Liparita Cellars Oakville Cabernet Sauvignon 2010, Oakville District, Napa Valley. 14.8% alc. 100% cabernet sauvignon. 916 cases. Deep ruby-purple color; huge graphite-granite-iron-like structure, dusty furrry tannins, a real mouthful of austere, dusty, spicy oak; traces of black olives, cedar, dried rosemary; smoke, lavender, fruitcake, leather and dried moss; exotic without being outré; makes rather a spectacle of its own confidence and stalwart character; fruit’s there but requires another year or two to begin to unfurl. 2015 or ’16 to 2020 to ’24. Very Good+ for now, Excellent potential. About $55.
Liparita Cellars V Block Cabernet Sauvignon 2010, Yountville, Napa Valley. 15.4% alc. 100% cabernet sauvignon. 831 cases. Very dark ruby-purple, opaque almost to the rim; devastating minerality and raw tannins; no masquerading here: this is about the power of earth, tannin, oak, acidity and alcohol, that latter adding a sheen of super-ripeness and boysenberry zinfandel character that take the wine out of the range of cabernet sauvignon; some tasters may be attracted to this stalwart and flamboyant display, but I am not. Try, perhaps, from 2015 or ’16 through 2019 or ’20. Very Good. About $55.
Both of these Liparita labels are one vintage behind the wines being reviewed: is it too much to ask that producers keep their websites up-to-date?

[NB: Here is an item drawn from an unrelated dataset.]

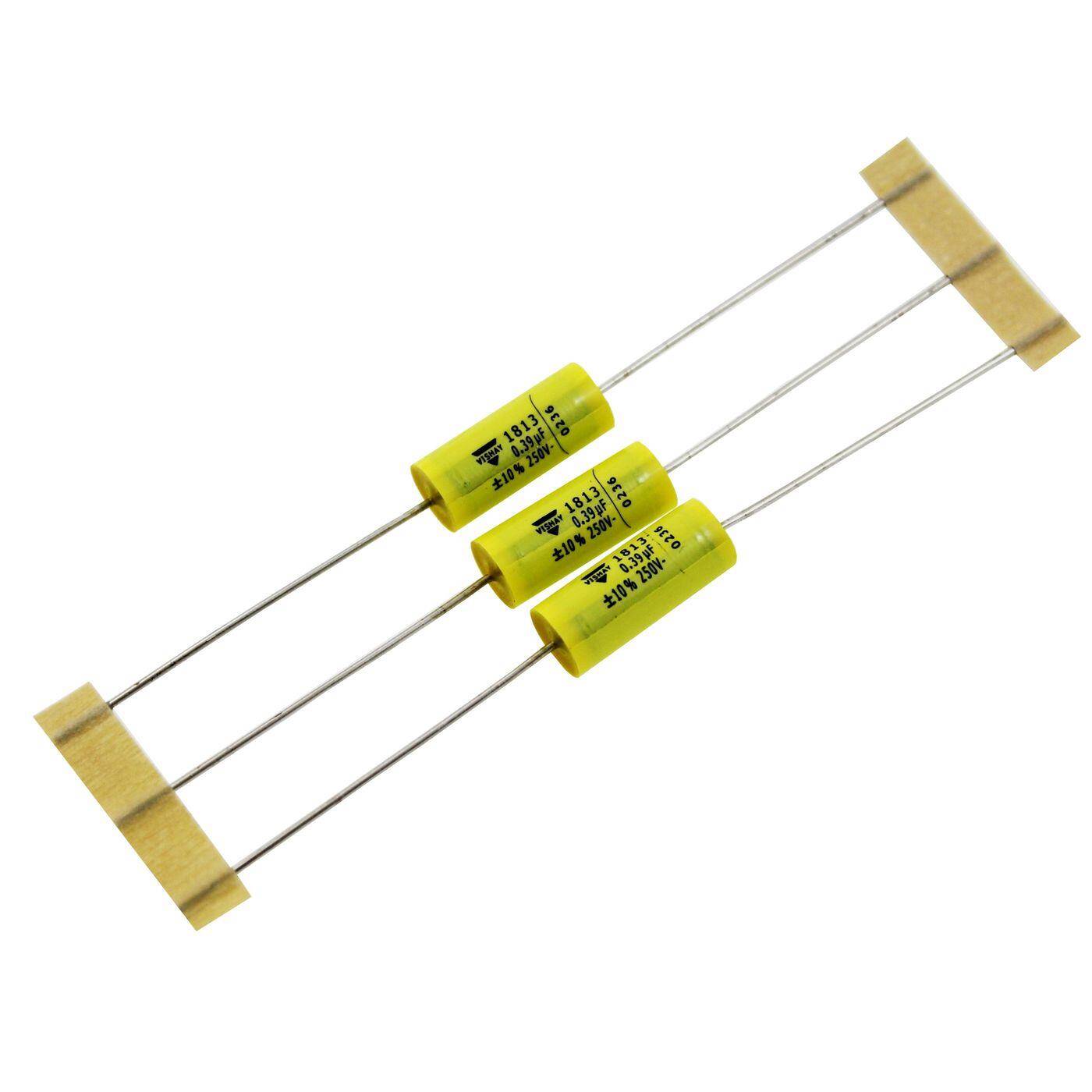Vishay MKT Foil Capacitor | 0,39µF 250V DC I 2-Pin Connection I 2-Pin I 0,39uF, 390nF I Capacitor for crossover networks of loudspeakers or for interference suppression of electrical devices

Robert Mondavi Oakville Cabernet Sauvignon 2010, Oakville District, Napa Valley. 15% alc. With 7% cabernet franc, 4% merlot, 1% malbec. Deep ruby-purple with a magenta-violet rim; a blazing snootful of graphite and iodine, lavender and violets, intense and concentrated black currants, cherries and blueberries, slightly spiced and macerated; rousing acidity, scintillating minerality; tremendous vitality, tone and presence, yet with exquisite poise and integration, as well as dense, gritty, velvety tannins and a sleek facade of burnished oak; perfect marriage of power and elegance, grace and dynamism, with Napa Valley written all over it. Drink now to 2018 to 2020. Excellent. About $55.
Silverado Cabernet Sauvignon 2009, Napa Valley. 14.5% alc. 89% cabernet sauvignon, 6% merlot, 3% petit verdot, 2% cabernet franc. Dark ruby-purple color; like eating currants and raspberries right off the bush but with doses of graphite, briers and brambles, lavender and lilac, smoke and bitter chocolate; very clean, pure and intense, with a scintillating edge of iodine and iron; dense dusty tannins; deeply savory and spicy; plush without being voluptuous; sleek, chiseled finish. Now through 2018 to 2020. Excellent. About $48.

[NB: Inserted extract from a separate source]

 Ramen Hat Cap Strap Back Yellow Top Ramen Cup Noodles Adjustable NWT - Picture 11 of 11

Silverado Solo Cabernet Sauvignon 2010, Stags Leap District, Napa Valley. 14.2% alc. 100% cabernet sauvignon. Deep ruby-purple with a magenta-violet rim; again, the iodine and iron, the dusty graphite and earthy, granitic minerality; black currants and plums touched with black raspberry and lavender, briers and brambles; sleek, suave, lithe; supple slightly muscular tannins over a vibrant acid framework; dense, substantial without being heavy or obvious, carries its weight easily; long tannin, oak and mineral-imbued finish. Try 2015 through 2022 to ’25. Excellent. About $100.
The label date here is one vintage behind; let’s keep those websites current.

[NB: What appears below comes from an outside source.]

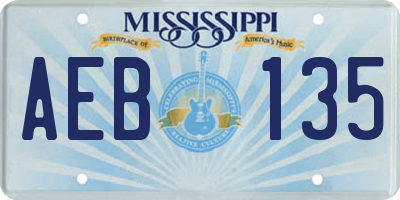 MS license plate AEB135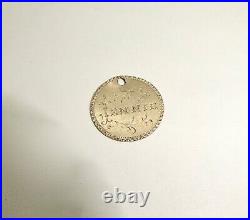 Antique Victorian Hand Engraved 21k Gold Love Token Pendant Charm, Charlie Jennie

Silverado Limited Cabernet Sauvignon 2009, Napa Valley. 14.6% alc. 100% cabernet sauvignon. Intense, opaque ruby color with a tinge of magenta at the rim; classic, rigorous, chiseled and architectural, which does not mean brutally tannic and oaky; red and black currants and plums, hint of blueberry jam; dried fruit, dried spice, dried flowers; immense granitic/graphite mineral element; tannins are dusty, robust; acidity cuts a clean swath on the palate; not often I say that a wine has a wonderful structure but this is one of those times; long spice-and-mineral-drenched finish. Now through 2020 to 2022. Excellent. About $140.